I remember a time when you bought ATI instead of NVIDIA, much the same way you still buy AMD instead of Intel. As we all know, AMD bought ATI, further confirming the implicit relationship between the two that already existed anyway. Now, though, the relationship comes to an end, since AMD has confirmed the ATI brand will be phased out.
ATI’s history goes way back to 1985, when it was founded as Array Technologies Incorporated in Ontario, Canada. Over the years, the company has developed graphics chipset solutions for all manner of markets, including more obscure products like Imageon, a line of graphics chips for mobile devices like PDAs and phones. ATI also supplies the graphics processors for most of the console gaming market (Wii and Xbox 360, and previously the GameCube, which is a Wii without fancy controllers).
Well, AMD feels it’s time to end the ATI brand. Usually, these brand shake-ups come across as rather arbitrary, but not this time around – AMD is readying the launch of its Fusion processors, which combine regular processing cores with graphics chips on the same die.
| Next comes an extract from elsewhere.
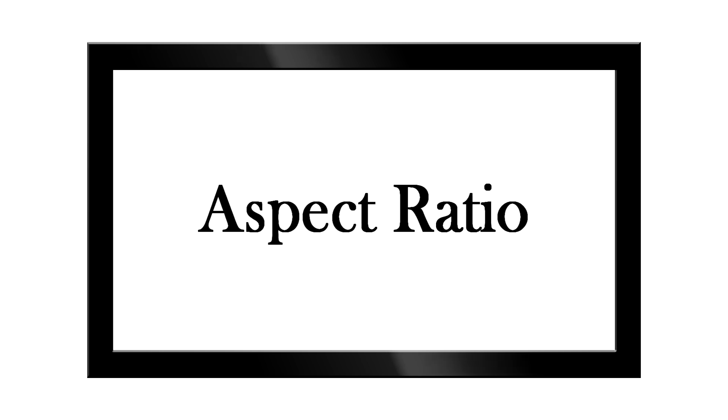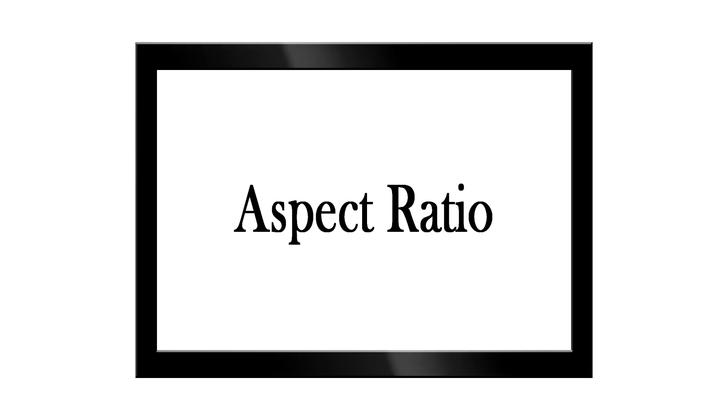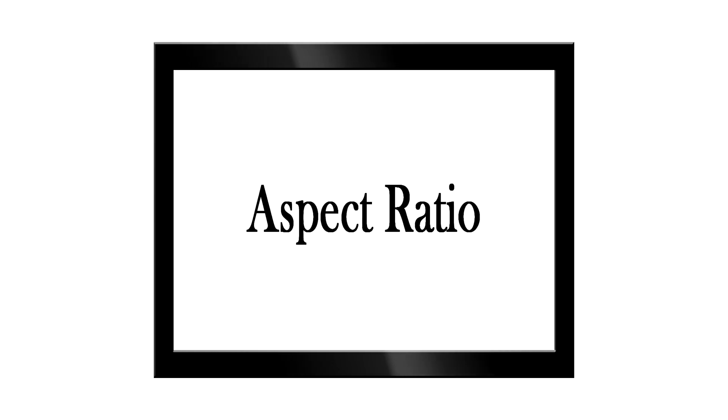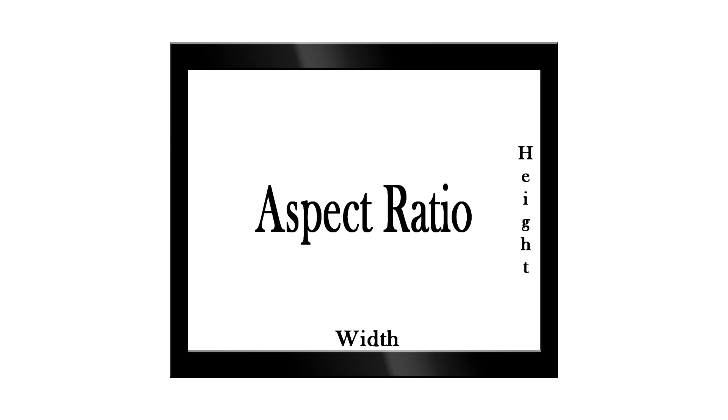Now remember way back when, when the TVs were a little more square? Well, they still had an aspect ratio, but the width was 4 and the height was 3, which becomes an aspect ratio of 4 by 3.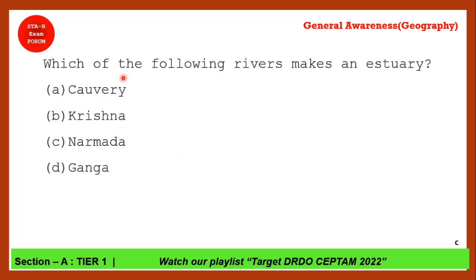Next question: Which of the following rivers makes an estuary? Rivers flowing from east to west make estuaries. Krishna, Ganga, and Kaveri flow from west to east into the Bay of Bengal. The correct answer is option C — Narmada. Narmada and Tapti are the two rivers that make estuaries.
In light of this it would only be confusing to carry both brands at the same time.
As a result, brands like “ATI Radeon” and “ATI FirePro” will be renamed to exclude the ATI bit, and branding stickers and such will get a nice added AMD logo. In order to not get into the awkward situation where PCs with Intel processors and Radeon graphics processors carry AMD branding, the company will also supply OEMs with AMD-less “Radeon” marketing material.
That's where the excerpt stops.